Hello, this is my first post.

I have OA in both hands and wrists, mainly the right. I have an IMAK compression glove for my thumb joints, but now I am looking for something that helps my fingers too.

Apart from issues at work (physiotherapist, but not MSK or Orthopaedics/Rheumatology) I struggle using tools for all sorts of things, from decorating to crochet. Anything needing a strong grip especially.

There are lots of products online, but I don’t have a hand therapist pal who could advise. Does anyone have anything that they would recommend.

Many thanks in advance


  • Chris_R
    Chris_R Moderator Posts: 764
    edited 18. Aug 2023, 17:14

    Hi @TraceyCardew

    welcome to the online community,so glad you have found us.

    You write that you have Osteoarthritis in both hands and wrists and have a compression glove for your thumb joints,but are looking for something to help your fingers as your grip is no longer strong enough to hold tools and other things that need a firm grip to use

    Here are a few links that may help.

    Hope these links are useful to you.Please keep in touch and tell us how you get on and do go onto our forums to chat to others who will understand what you are going through as everyone has some form of arthritis.

    All the best Christine

    Need more help? - call our Helpline on 0800 5200 520 Monday to Friday 9am to 6pm

  • FClayton
    FClayton Member Posts: 17

    I’m in the same situation, I have found large grip utensils helpful, especially with baking. Electronic gadgets (tin opener, cheese grater etc) and Ezigrip pens. I find the worst thing is accidentally whacking my knuckles on anything hard - instant crippling pain. There are a lot of things available to help but you do have to search quite a bit.

  • Trish9556
    Trish9556 Member Posts: 390
    edited 20. Aug 2023, 08:22

    Hi @TraceyCardew and @FClayton

    I sufferered with an arthritic thumb for about five years prior to my trapeziectomy in 2020 and now have an Arthritis wrist

    Try to keep the hands mobile. The worst thing you can do is immobilise them but I realise how difficult this is. The best kinds of supports you can get are the small ones that support your thumb only with velcro strapping around the wrist going across the palm up to your thumb . I used these when working as a PA three days a week and on a keyboard all day. Do not use the ones that go half way up your arm and hold your hand rigid.
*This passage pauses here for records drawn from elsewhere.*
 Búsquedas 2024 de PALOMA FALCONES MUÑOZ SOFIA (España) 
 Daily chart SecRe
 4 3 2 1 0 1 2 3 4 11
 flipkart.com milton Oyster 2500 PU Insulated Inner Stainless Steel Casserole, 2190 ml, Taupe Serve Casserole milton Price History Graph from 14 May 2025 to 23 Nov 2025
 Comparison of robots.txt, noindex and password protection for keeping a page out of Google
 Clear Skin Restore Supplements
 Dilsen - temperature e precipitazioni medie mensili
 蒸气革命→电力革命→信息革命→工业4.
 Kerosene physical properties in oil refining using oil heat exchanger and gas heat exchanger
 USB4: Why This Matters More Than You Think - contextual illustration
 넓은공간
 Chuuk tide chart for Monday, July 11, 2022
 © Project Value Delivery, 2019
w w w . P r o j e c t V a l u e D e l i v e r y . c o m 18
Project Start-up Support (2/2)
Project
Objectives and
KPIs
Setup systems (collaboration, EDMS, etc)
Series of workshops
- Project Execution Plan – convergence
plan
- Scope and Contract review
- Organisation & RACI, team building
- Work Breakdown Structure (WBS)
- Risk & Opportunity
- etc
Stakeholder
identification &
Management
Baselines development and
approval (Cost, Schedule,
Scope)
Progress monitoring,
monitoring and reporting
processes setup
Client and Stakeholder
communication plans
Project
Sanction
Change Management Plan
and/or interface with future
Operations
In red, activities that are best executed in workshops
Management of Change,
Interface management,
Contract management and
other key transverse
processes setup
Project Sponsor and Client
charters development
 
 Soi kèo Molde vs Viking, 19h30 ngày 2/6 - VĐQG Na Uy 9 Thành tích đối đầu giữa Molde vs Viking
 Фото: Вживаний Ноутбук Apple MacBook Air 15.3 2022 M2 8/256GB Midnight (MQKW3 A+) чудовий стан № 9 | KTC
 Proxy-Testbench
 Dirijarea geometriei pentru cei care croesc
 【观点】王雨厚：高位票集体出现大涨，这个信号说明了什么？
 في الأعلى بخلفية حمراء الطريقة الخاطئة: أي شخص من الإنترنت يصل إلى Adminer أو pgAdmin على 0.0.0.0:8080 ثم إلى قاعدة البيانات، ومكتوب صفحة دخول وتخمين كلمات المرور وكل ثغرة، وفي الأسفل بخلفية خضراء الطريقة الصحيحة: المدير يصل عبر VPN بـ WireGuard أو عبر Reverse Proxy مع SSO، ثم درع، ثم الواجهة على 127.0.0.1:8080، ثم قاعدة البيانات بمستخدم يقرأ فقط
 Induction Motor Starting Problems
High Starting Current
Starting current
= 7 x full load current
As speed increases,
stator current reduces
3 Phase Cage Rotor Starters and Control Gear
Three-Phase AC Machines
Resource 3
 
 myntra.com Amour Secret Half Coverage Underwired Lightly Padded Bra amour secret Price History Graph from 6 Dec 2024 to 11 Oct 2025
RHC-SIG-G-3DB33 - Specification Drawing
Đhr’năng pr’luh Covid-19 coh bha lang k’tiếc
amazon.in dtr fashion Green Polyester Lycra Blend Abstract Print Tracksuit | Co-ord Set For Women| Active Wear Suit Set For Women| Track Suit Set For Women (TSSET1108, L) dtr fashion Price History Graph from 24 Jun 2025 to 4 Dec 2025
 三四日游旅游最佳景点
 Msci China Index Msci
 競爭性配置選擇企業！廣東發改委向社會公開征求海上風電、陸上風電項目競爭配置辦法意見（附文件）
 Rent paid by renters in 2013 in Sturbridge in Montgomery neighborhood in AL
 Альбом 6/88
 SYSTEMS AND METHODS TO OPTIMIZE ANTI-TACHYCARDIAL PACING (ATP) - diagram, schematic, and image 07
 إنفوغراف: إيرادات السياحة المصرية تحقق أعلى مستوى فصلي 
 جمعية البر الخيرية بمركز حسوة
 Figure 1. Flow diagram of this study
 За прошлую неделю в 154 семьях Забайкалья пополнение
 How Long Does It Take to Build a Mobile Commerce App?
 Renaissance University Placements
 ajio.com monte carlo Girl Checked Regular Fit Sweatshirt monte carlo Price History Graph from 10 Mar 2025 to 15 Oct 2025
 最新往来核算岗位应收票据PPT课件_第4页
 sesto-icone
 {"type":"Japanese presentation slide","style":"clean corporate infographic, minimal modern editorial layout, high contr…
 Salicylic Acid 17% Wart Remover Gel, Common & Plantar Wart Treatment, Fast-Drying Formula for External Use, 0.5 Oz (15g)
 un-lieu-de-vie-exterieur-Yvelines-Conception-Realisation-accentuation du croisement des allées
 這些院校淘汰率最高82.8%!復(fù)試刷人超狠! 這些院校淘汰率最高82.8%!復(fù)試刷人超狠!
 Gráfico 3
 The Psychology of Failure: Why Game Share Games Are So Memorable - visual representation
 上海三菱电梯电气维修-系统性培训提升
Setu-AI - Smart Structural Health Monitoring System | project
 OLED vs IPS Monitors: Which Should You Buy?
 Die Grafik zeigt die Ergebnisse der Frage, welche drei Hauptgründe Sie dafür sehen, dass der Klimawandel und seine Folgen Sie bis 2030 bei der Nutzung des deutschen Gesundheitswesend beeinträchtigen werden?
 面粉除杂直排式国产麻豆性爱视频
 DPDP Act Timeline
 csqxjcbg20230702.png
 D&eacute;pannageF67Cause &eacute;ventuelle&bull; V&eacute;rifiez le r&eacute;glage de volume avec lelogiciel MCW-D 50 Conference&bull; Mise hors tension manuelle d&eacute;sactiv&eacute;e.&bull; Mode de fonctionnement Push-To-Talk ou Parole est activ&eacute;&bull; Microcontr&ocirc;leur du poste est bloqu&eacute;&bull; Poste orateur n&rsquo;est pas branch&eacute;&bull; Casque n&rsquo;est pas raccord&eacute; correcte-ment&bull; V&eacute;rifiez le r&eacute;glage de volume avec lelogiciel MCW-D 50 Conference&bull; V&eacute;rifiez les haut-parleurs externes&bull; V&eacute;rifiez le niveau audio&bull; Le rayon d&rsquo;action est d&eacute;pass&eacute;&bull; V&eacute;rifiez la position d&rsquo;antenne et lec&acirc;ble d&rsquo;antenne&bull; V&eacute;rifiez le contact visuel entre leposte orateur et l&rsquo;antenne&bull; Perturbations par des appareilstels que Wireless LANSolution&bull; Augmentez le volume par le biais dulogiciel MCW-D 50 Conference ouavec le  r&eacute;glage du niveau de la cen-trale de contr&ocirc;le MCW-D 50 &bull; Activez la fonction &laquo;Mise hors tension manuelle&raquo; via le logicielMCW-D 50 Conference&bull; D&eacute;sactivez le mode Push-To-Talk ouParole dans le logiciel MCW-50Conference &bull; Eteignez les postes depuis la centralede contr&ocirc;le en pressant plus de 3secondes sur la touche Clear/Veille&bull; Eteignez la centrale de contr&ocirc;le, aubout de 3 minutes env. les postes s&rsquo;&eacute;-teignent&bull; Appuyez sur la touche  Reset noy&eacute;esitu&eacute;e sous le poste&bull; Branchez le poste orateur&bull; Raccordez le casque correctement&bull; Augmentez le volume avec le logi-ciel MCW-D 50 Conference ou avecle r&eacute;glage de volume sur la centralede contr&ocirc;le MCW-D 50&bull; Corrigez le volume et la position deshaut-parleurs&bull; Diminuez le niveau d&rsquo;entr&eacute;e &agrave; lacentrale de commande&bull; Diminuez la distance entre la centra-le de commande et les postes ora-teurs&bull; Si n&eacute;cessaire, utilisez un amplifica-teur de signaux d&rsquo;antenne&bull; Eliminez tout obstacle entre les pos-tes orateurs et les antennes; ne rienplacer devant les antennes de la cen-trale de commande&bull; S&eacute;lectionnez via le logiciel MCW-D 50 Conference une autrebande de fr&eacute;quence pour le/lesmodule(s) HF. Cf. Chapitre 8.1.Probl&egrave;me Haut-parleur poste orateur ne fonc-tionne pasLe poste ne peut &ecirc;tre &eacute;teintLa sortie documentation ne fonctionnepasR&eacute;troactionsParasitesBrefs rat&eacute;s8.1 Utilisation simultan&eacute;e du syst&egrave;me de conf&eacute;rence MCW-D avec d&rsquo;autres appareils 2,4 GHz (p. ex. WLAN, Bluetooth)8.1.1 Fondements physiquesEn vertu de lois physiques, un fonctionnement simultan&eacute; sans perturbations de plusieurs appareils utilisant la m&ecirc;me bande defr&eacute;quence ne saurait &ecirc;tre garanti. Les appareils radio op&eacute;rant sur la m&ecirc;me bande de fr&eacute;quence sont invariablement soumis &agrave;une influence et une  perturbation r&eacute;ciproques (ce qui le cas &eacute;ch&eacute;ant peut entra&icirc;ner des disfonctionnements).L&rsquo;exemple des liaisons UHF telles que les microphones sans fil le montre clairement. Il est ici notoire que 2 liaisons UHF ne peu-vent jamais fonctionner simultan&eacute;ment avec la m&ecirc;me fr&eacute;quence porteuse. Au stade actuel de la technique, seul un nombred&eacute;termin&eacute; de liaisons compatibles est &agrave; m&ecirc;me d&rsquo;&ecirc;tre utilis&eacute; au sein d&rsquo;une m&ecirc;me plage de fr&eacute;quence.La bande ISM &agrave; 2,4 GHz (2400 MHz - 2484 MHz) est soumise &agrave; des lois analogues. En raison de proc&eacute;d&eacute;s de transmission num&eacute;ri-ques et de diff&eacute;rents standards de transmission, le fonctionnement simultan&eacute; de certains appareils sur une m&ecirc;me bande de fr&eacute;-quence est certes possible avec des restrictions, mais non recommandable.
    Purchase some therapy putty off of one of the online sites. They come in different strengths and set of each is helpful. Start with the softest and simply sit and play with it when watching TV. Same as a child would with play dog, pull, stretch, squeeze, roll up etc.

    Purchase therapy balls from one of the online sites. Again they come in different strengths with the same colour coding as the putty. They're like eggs that sit in your hands perfectly. Again, just sit and play with it with one hand.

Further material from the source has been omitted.